» **ASSIGNMENT**: Copy each line of the listing below exactly and drop the images.

» **RECORDED DATA**:
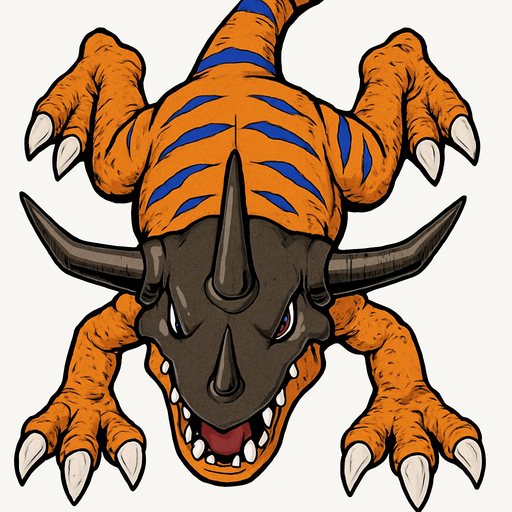 Greymon, visto desde arriba, detalles altos sin errores.
In-Game asset.  2d.  High contrast.  No shadows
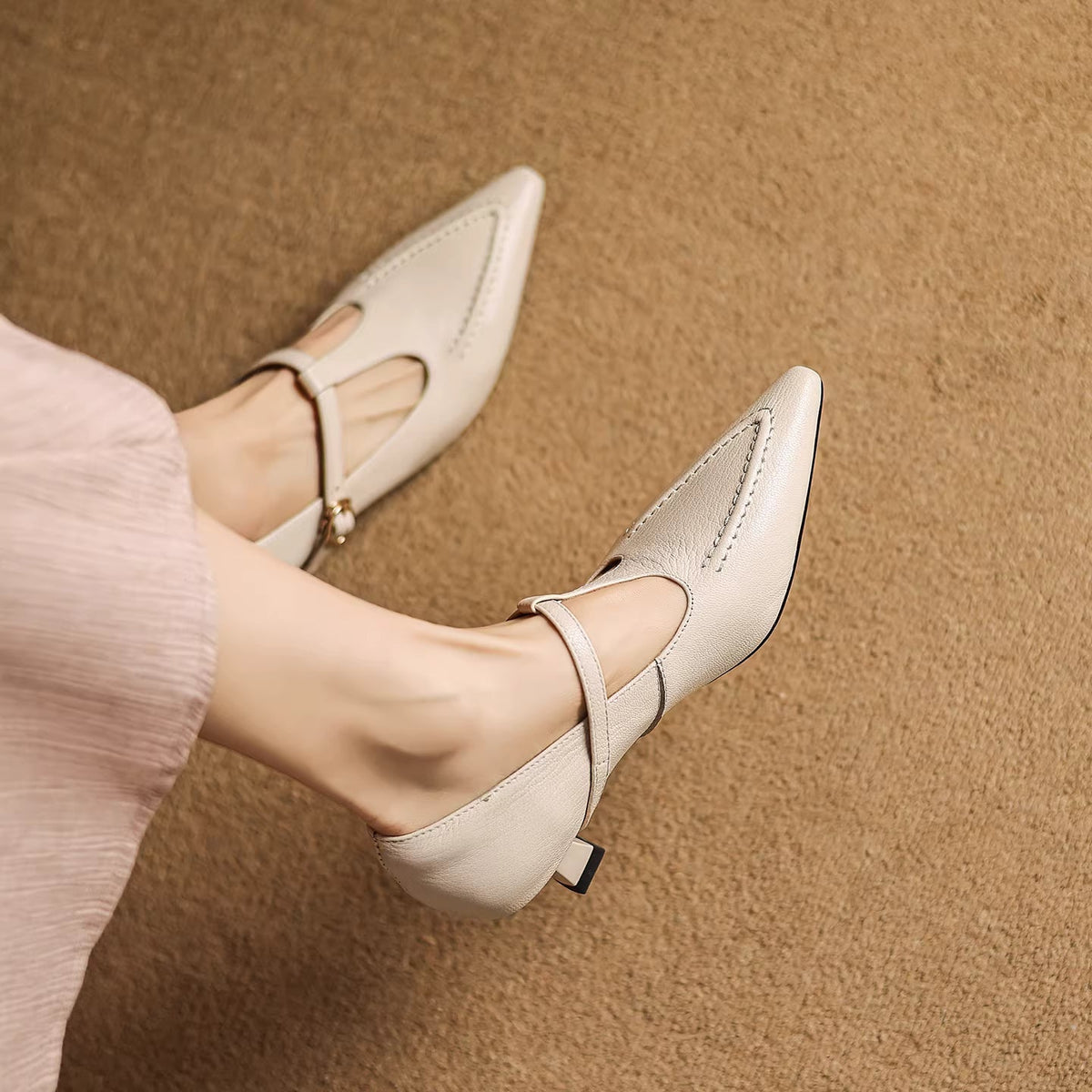 Odessa | Pointed Kitten Heels with T-Bar Buckle Strap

» **REPLY**:
 Greymon, visto desde arriba, detalles altos sin errores.
In-Game asset.  2d.  High contrast.  No shadows
 Odessa | Pointed Kitten Heels with T-Bar Buckle Strap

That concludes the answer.